2.  Recognize all of your positive qualities.  Jot them down into a list form so you can reaffirm your attributes any time you begin to feel unworthy of the Scratcher Season 14's attention.                          
                        

3.  Realize that things could be worse.*
*At least I'm not a pigeon.

4. Try and become to breast version of yourself.
Not only has my dating life been on hiatus but so has my work-out routine.  So I joined the gross to quite gross 24-hour Fitness near my building.  At 28 bucks a month I am definitely getting what I am paying for.  I went in this morning and braved the sea of exposed areolae in the ladies locker room and hopped in the shower only to be confronted by random curly black hairs scattered about.  The only time I want to see any kind of variation of a bush on the ground is when I'm walking home from work and crossing bush and franklin.  In addition to suspect hairs, the shower also boasted a 4-in-one shampoo, conditioner, face and body wash mixture that has left my mane looking like one giant jheri curl.  But at least I feel awkward and traumatized refreshed!
                                          
5.  Surround yourself with people/things who accept you and don't reject you.  I love my family (and our animals), my friends and my over sized gummy bear nightlight.   Who/what else do I need?
                                              

6.  Consider your worth.
Now that I'm 30 I'm pretty much fresh out of fucks to give.  I don't want anyone who doesn't want me.
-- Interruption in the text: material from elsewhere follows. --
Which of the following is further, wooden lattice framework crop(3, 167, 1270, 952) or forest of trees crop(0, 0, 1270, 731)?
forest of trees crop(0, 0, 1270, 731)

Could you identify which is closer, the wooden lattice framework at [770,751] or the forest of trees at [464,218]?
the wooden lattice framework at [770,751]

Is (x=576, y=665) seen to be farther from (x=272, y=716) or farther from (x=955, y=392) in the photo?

6.  Recognize that at least you're not dating this Nitro from the Bachelorette.
I've seen some pretty horrendous shart shirt choices during the tenure of this show ranging from deeper than deep V-Nex, heinous short-sleeved button downs, and trashy wife beaters but this dude's tank trumps 'em all in the What the Fuck Were you Thinking Hall o' Fame.  My advice to Dez - rip this guys tank top off and beat him with it.
COULD. YOU. NOT.
                                            

And. That's it. I hope I was helpful.